== Brief ==
Every line from the top of the records below through the one containing "Alright guys, we'll" must be copied exactly, and the pictures must not be.

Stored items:
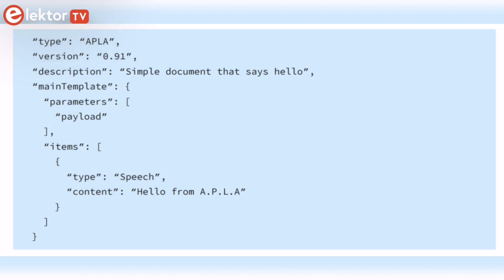Also covered is the process of designing skills for visual displays and interactive touch designs using Alexa presentation language.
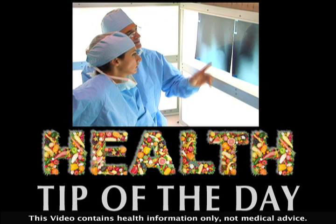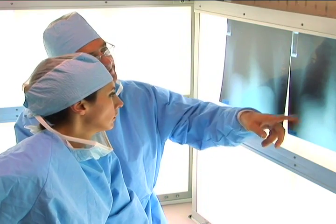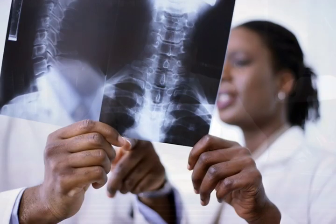Ten million Americans have osteoporosis. How are these people diagnosed? One way to diagnose osteoporosis is with a routine X-ray, since the bones in someone with the condition appear much thinner than healthy bones. Unfortunately, they're not effective for diagnosing early-stage osteoporosis.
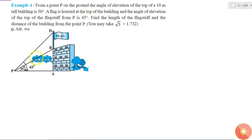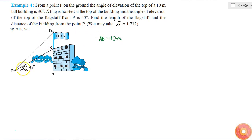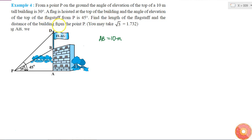The question can be represented in the form of this diagram. From point P on the ground, the angle of elevation of the top of a 10-meter tall building is 30 degrees — that is, AB is equal to 10 meters and this angle is 30 degrees. A flag is hoisted at the top of the building, and the angle of elevation of the top of the flagstaff from P is 45 degrees. Find the length of the flagstaff and the distance of the building from point P.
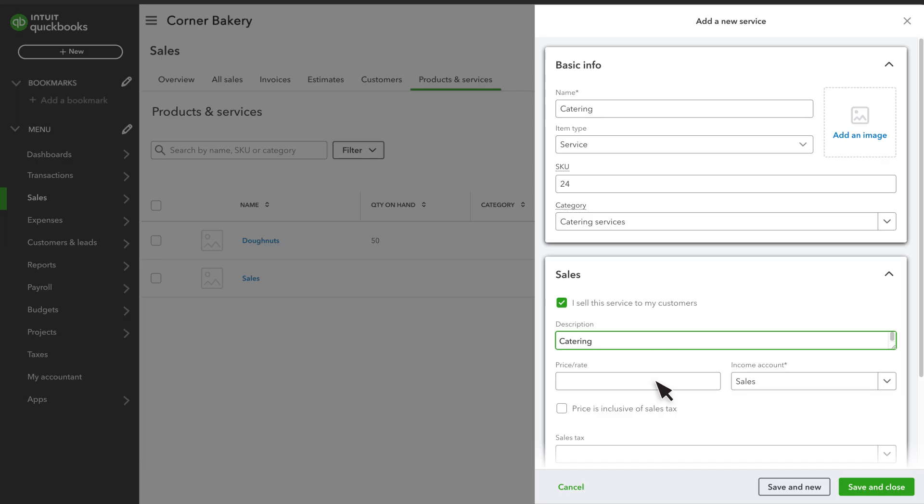The Price and Rate field lets you record what you charge customers for this service. You can leave it blank, but recording your default price or rate saves you time later.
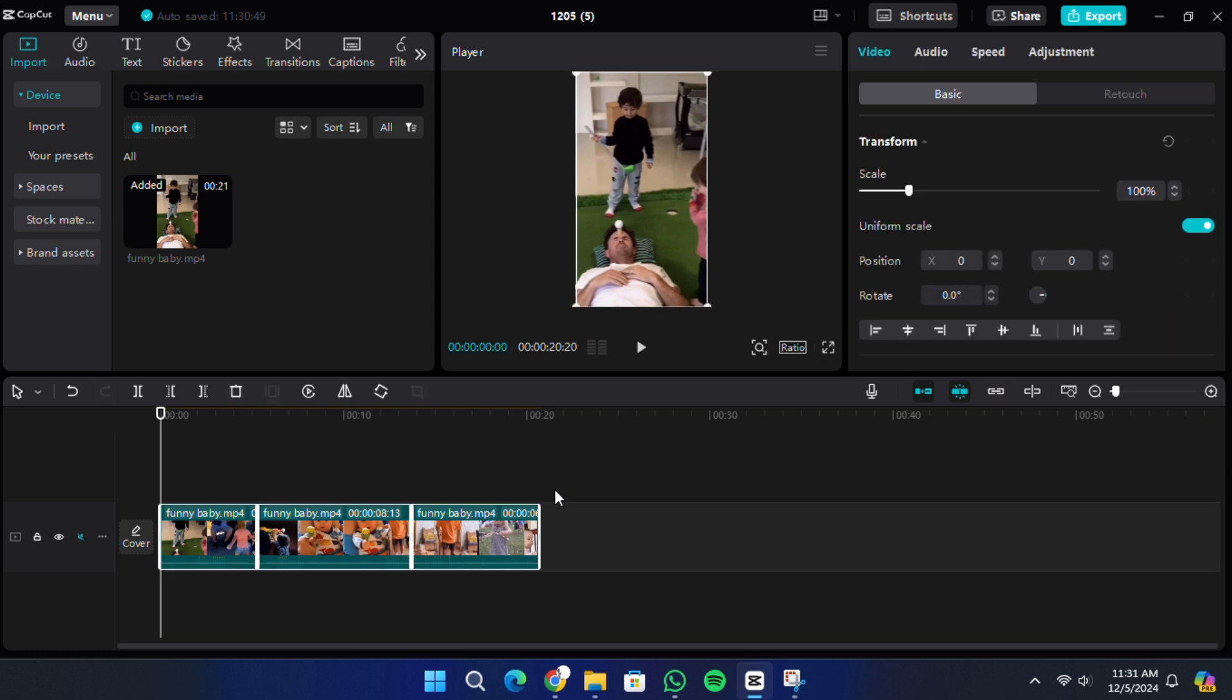Using this shortcut is faster and works well when your timeline is extensive and manually dragging with the mouse would take longer.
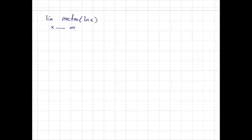What is the limit of arctan of ln of x as x goes to infinity? We are dealing with inverse tangent of ln of x — the limit of inverse tangent of ln of x as x goes to infinity.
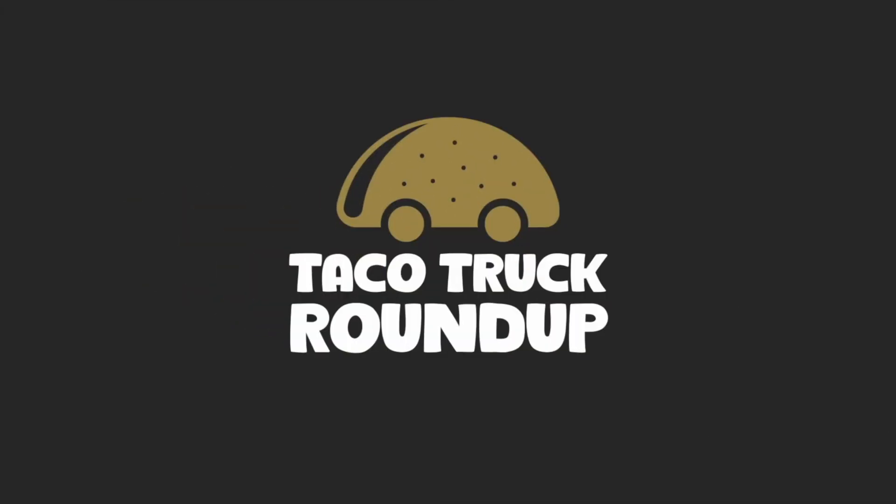It's time for the Taco Truck Roundup, the best show on the internet when you just want to keep up with what's new at AppSumo.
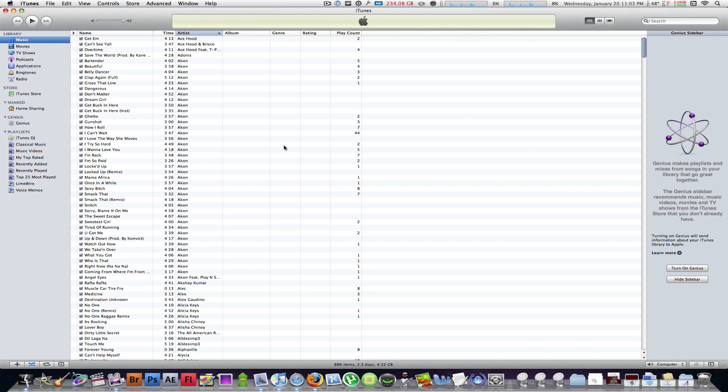So here is the simplest and the cheapest way to do this. It's actually free, which is the best way, and it should take you about less than 30 seconds. Go ahead and open up iTunes and go to your music folder in your library.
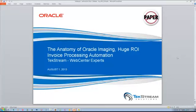Alright guys, we'll go ahead and get started here. We'll have people join as we continue. My name is Lee Summerhalder at TechStream Solutions. This presentation will be recorded and distributed afterwards to people who have registered. If you have not registered, make sure you contact info@TechStream.com to ensure that you receive the recording.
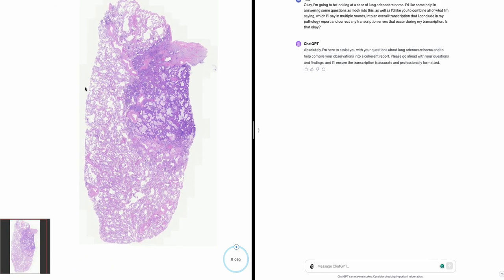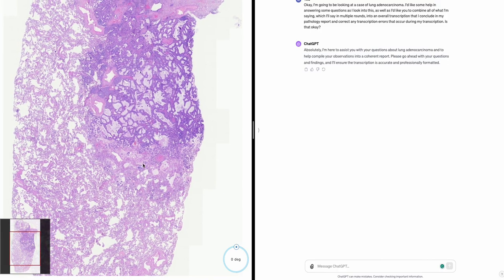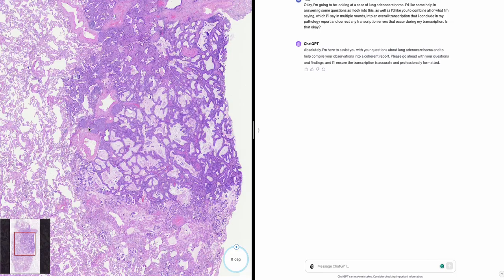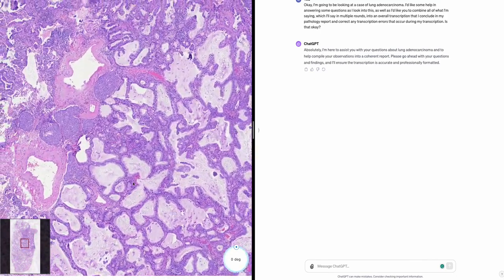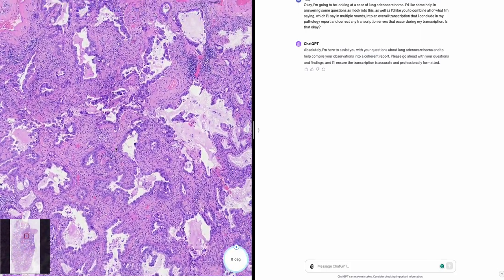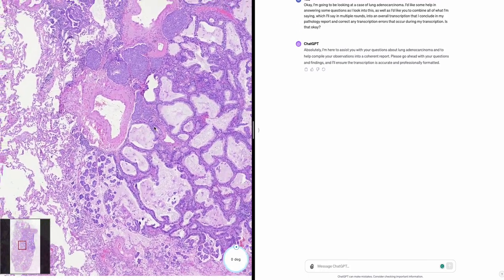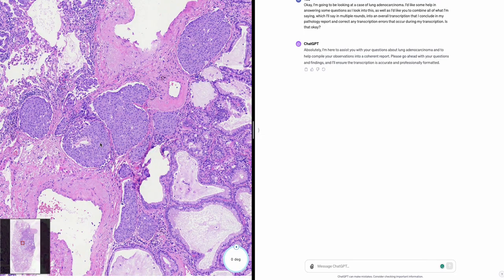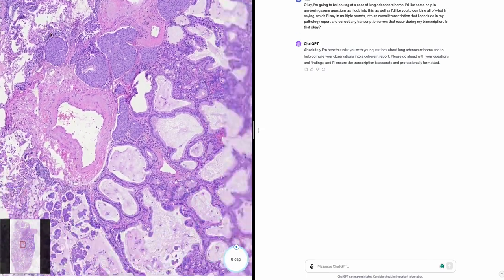Looking at a lung pathology slide with my personal pathology co-pilot. It looks like a lung lobectomy specimen showing a lung adenocarcinoma with various histologic patterns. Some of these I'm worried are high grade — could you remind me of the high-grade patterns in lung adenocarcinoma and describe them?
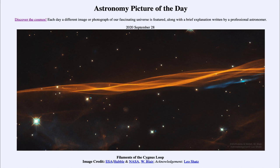So that was our picture of the day for September the 28th of 2020, titled Filaments of the Cygnus Loop. We'll be back again tomorrow for the next picture, previewed to be titled Tilted Planets, so we'll see what that is about tomorrow. Until then, have a great day everyone, and I will see you in class.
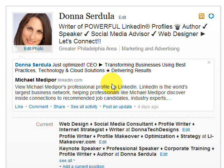Hi, this is Donna Serdula from LinkedIn-Makeover.com. I help people develop awesome, powerful, impressive LinkedIn profiles.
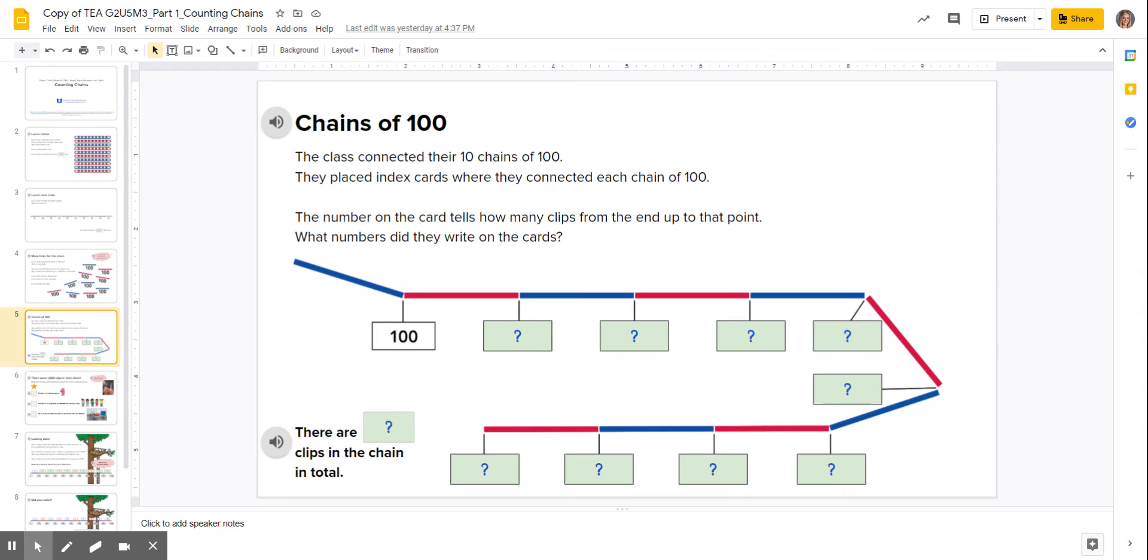And then slide five is where you're going to type in jumps on this link here. So make sure you have an answer in every green box.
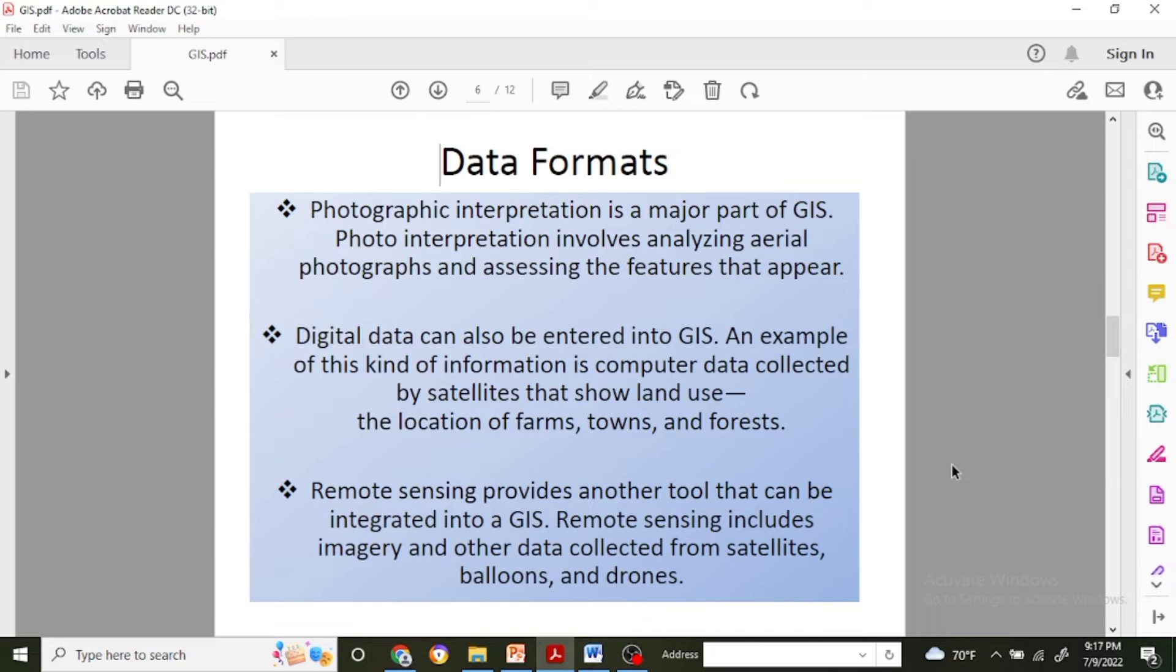For the next one, digital data can also be entered into GIS. An example of this kind of information is computer data which is collected by satellites that show land use in the real world.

== Solution below ==
Also covered is the process of designing skills for visual displays and interactive touch designs using Alexa presentation language.
Ten million Americans have osteoporosis. How are these people diagnosed? One way to diagnose osteoporosis is with a routine X-ray, since the bones in someone with the condition appear much thinner than healthy bones. Unfortunately, they're not effective for diagnosing early-stage osteoporosis.
The question can be represented in the form of this diagram. From point P on the ground, the angle of elevation of the top of a 10-meter tall building is 30 degrees — that is, AB is equal to 10 meters and this angle is 30 degrees. A flag is hoisted at the top of the building, and the angle of elevation of the top of the flagstaff from P is 45 degrees. Find the length of the flagstaff and the distance of the building from point P.
The Price and Rate field lets you record what you charge customers for this service. You can leave it blank, but recording your default price or rate saves you time later.
Using this shortcut is faster and works well when your timeline is extensive and manually dragging with the mouse would take longer.
What is the limit of arctan of ln of x as x goes to infinity? We are dealing with inverse tangent of ln of x — the limit of inverse tangent of ln of x as x goes to infinity.
It's time for the Taco Truck Roundup, the best show on the internet when you just want to keep up with what's new at AppSumo.
So here is the simplest and the cheapest way to do this. It's actually free, which is the best way, and it should take you about less than 30 seconds. Go ahead and open up iTunes and go to your music folder in your library.
Alright guys, we'll go ahead and get started here. We'll have people join as we continue. My name is Lee Summerhalder at TechStream Solutions. This presentation will be recorded and distributed afterwards to people who have registered. If you have not registered, make sure you contact info@TechStream.com to ensure that you receive the recording.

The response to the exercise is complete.